Repeat the listing below exactly. Pictures do not belong in the copy.

== Supplied data

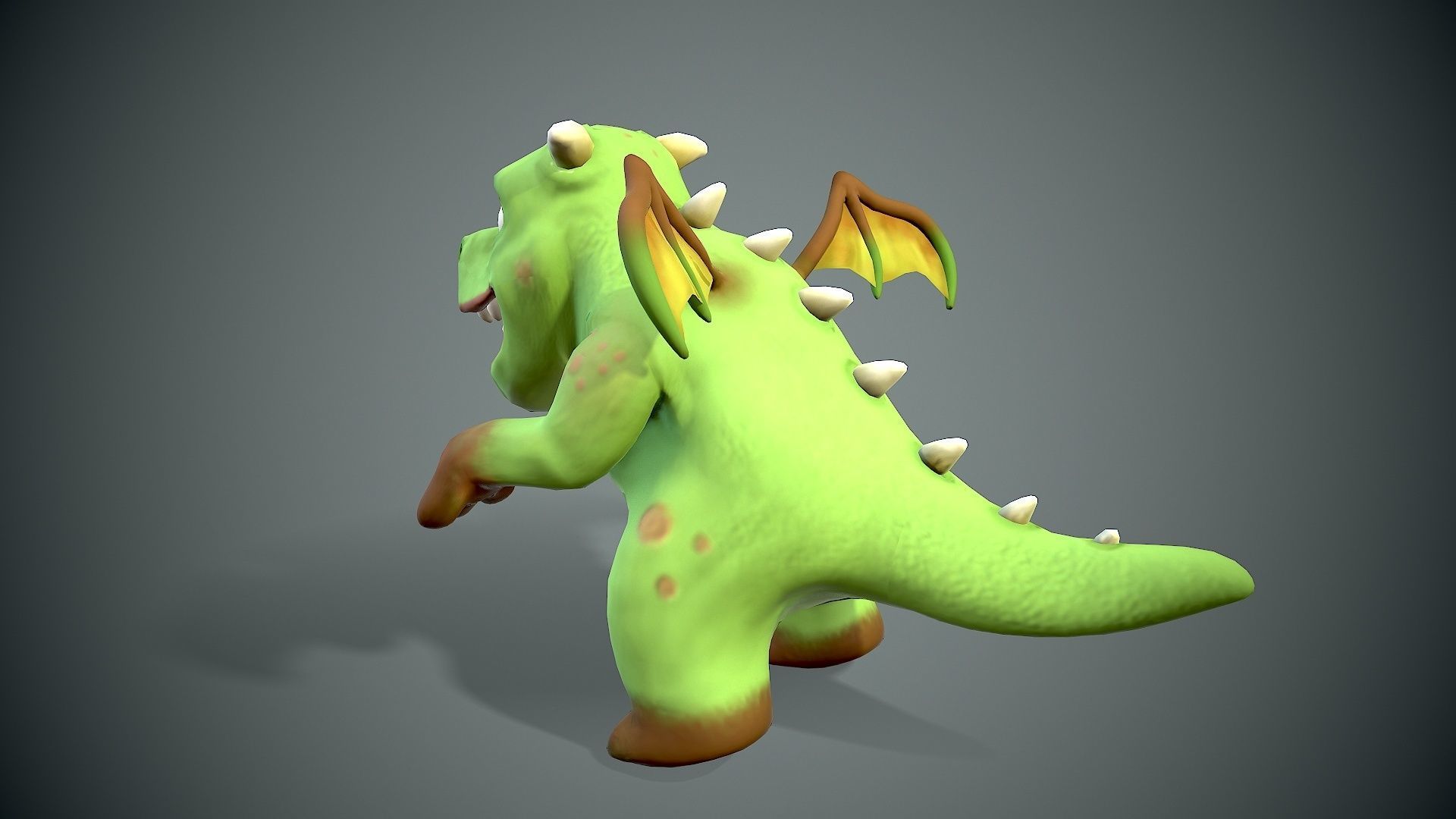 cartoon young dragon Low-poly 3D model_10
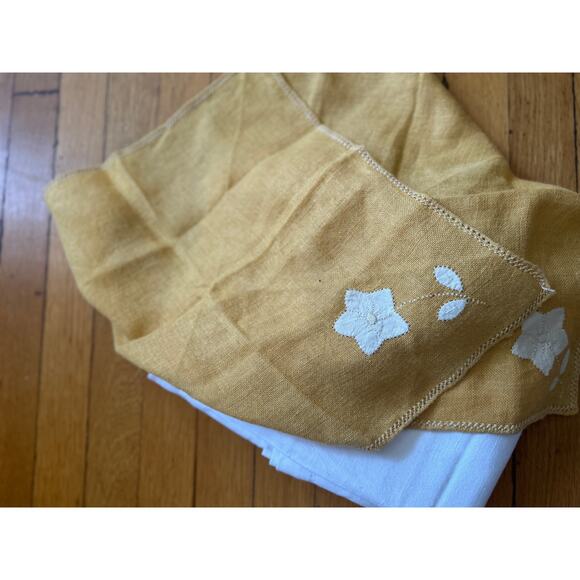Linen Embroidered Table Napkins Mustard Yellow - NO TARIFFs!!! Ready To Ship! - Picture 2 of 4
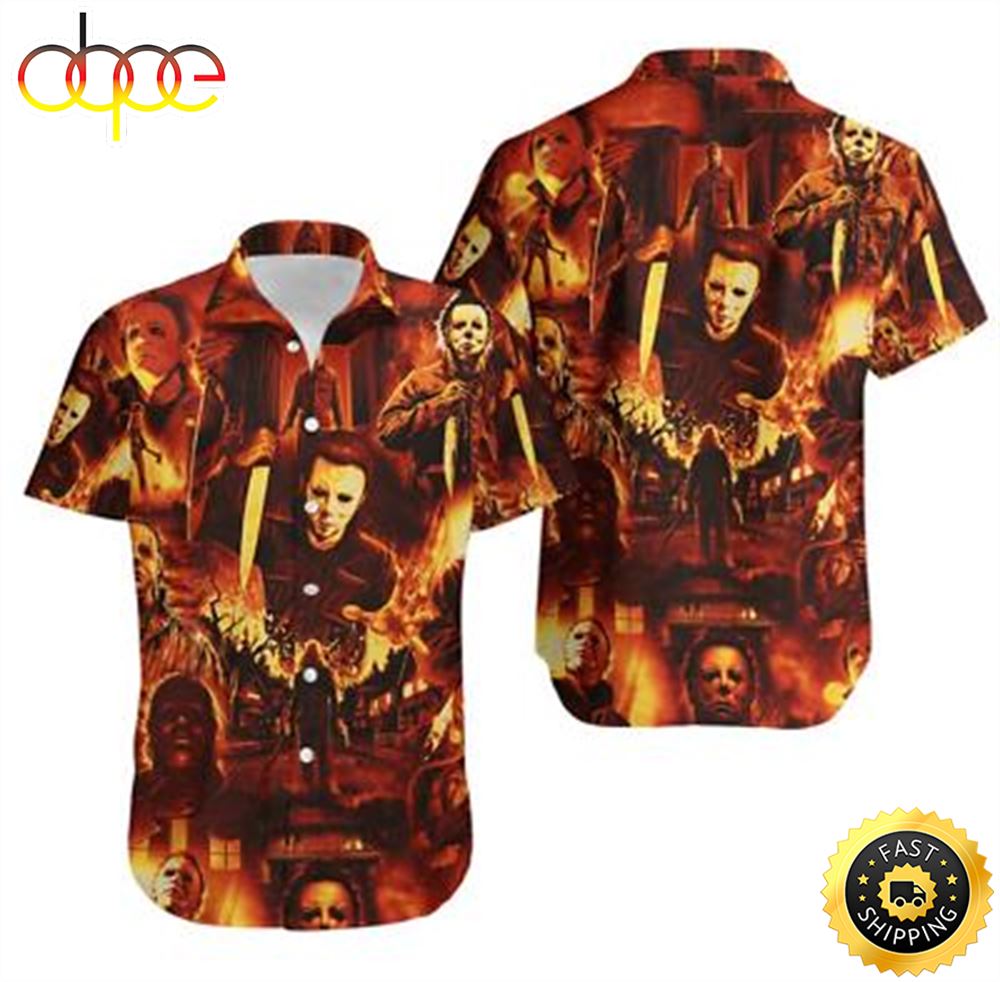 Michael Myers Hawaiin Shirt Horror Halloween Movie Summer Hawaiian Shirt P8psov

====

Solution to this task:
 cartoon young dragon Low-poly 3D model_10
Linen Embroidered Table Napkins Mustard Yellow - NO TARIFFs!!! Ready To Ship! - Picture 2 of 4
 Michael Myers Hawaiin Shirt Horror Halloween Movie Summer Hawaiian Shirt P8psov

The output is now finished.